Maurial Spearim is a proud First Nations woman who, through her one woman show Blaaq Catt, hopes to instil her audience with a better understanding of First Nation Indigenous Australians. Her hope is that people are able to see beyond the stereotypes and  hear the call to action – action in their own life to make a positive difference.

According to Spearim, her show touches on some hard facts and truisms about how Australia came to be. The play is constructed around the voice of Ruby who takes the audience on a journey through place and time to uncover connection. It crosses boundaries overtime through generations of Aboriginal women looking at the affects of trans generational trauma.

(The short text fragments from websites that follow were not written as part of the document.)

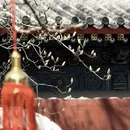 北京旅游 缩略图 2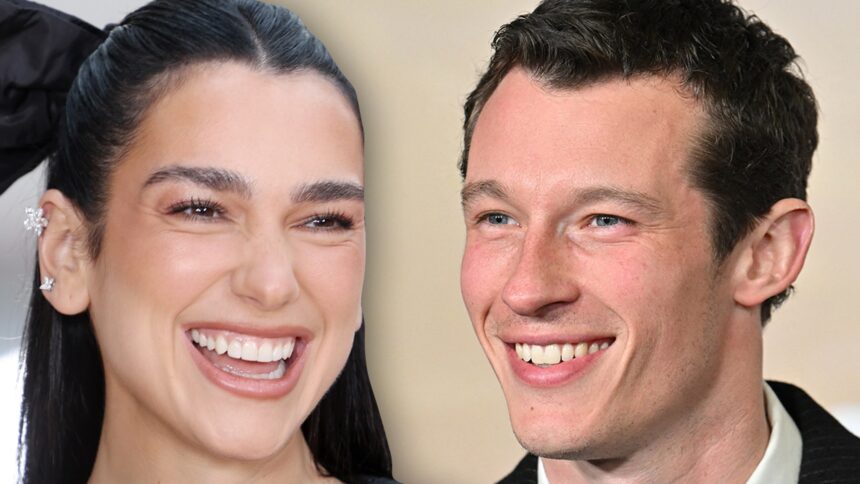 Dua Lipa conferma il coinvolgimento con l'attore Callum Turner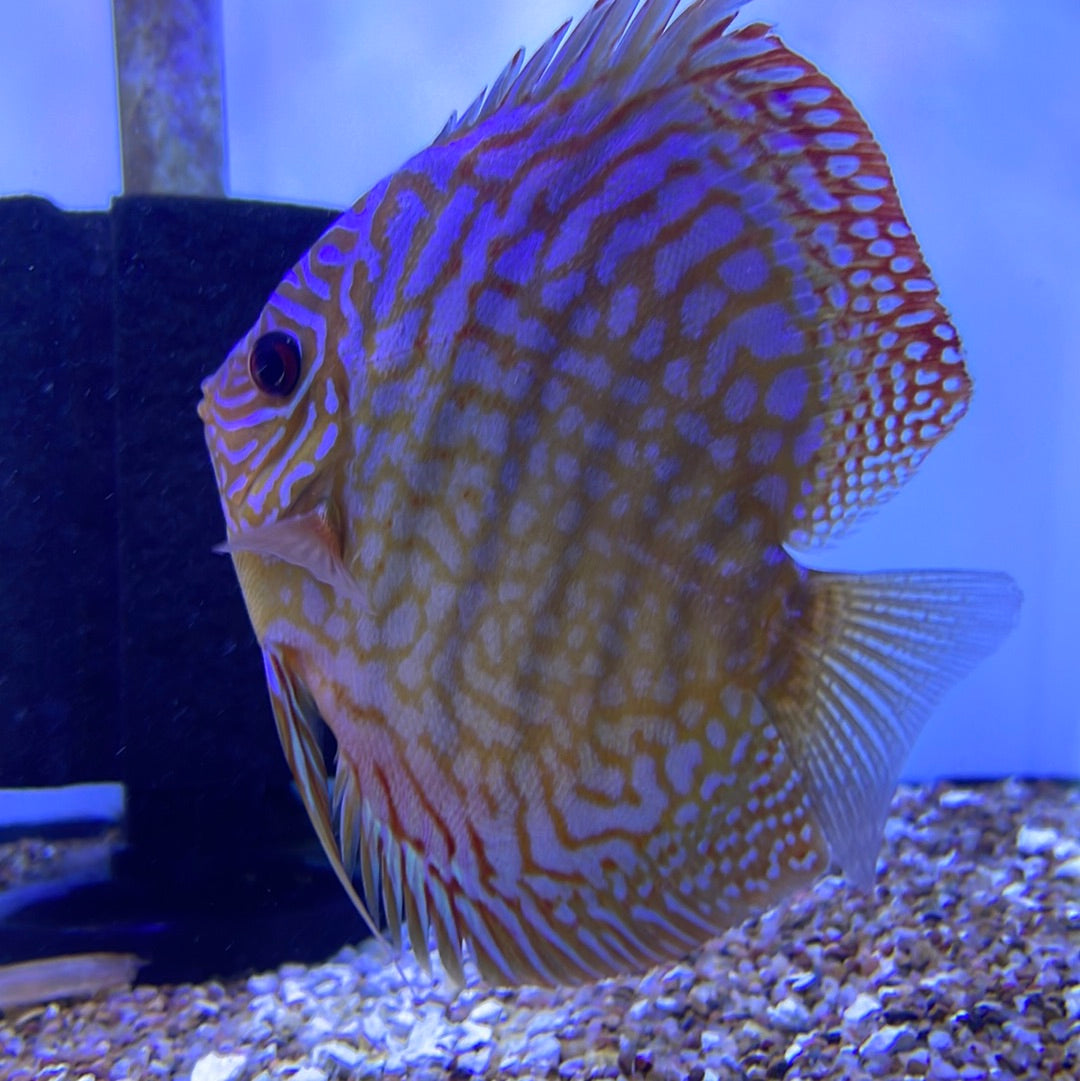 Red Turquoise Discus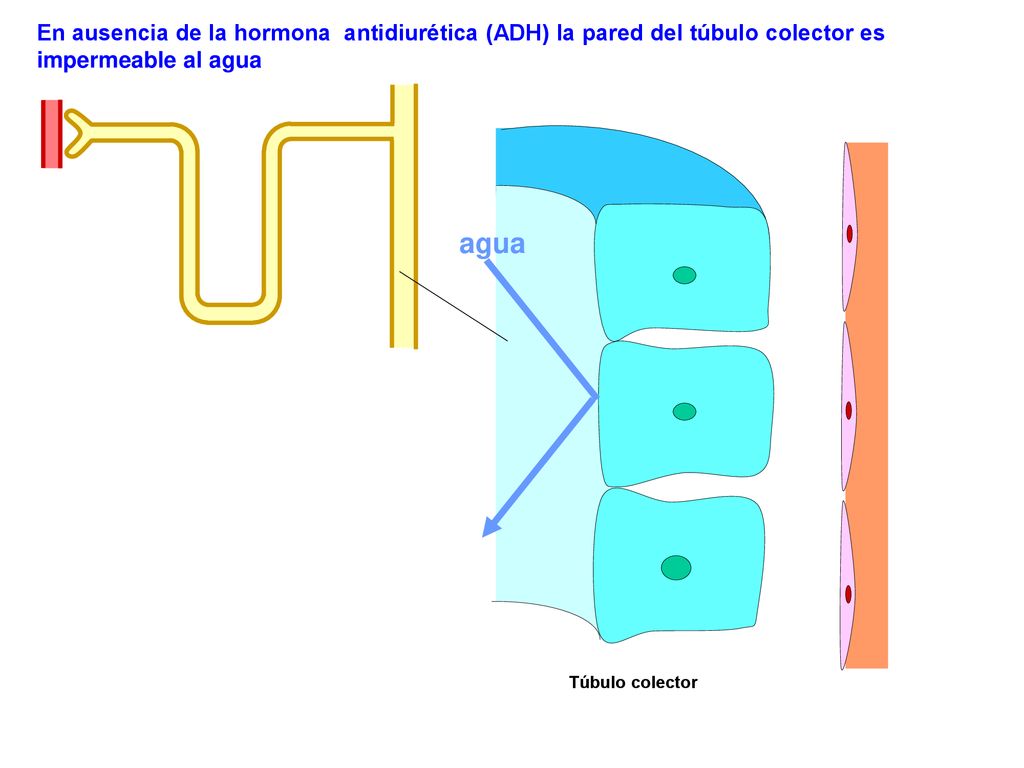 En ausencia de la hormona antidiurética (ADH) la pared del túbulo colector es impermeable al agua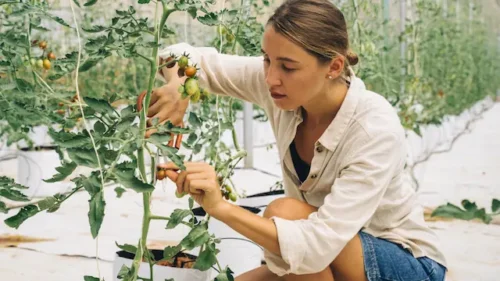 Pruning coffee plant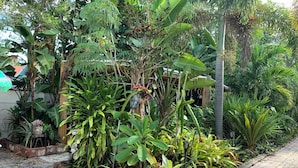 A garden with various tropical plants, a brick pathway, and a wooden fence. - Historical botanical beach house (Lake Worth Beach)
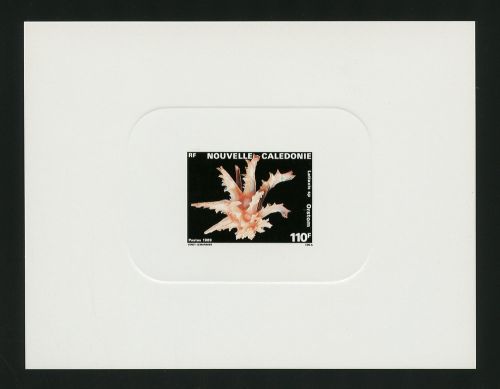 1989, Tiere,Meerestiere,allgemein, 851 edl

The idea of the show first came about after Spearim graduated from VCA. “I was given an Aphids scholarship to create new work and that is where the concept of the show came about back in 2010, Spearim explains. “It has grown and changed a lot from that first development but the core through line is the same being that I think it is important for all Australians to know the truths and mistreatment of First Nation Indigenous Australians from Invasion to present day.”

Writer and performer  Spearim (We Get It, Redfern Now) credits her family, teachers and mentors as her greatest creative influences. “I have been interested in the arts since I could walk having been practicing and performing my traditional Gamilaraay song and dance from a young age, which has helped to form a strong foundation and interest for the creative arts,” she says.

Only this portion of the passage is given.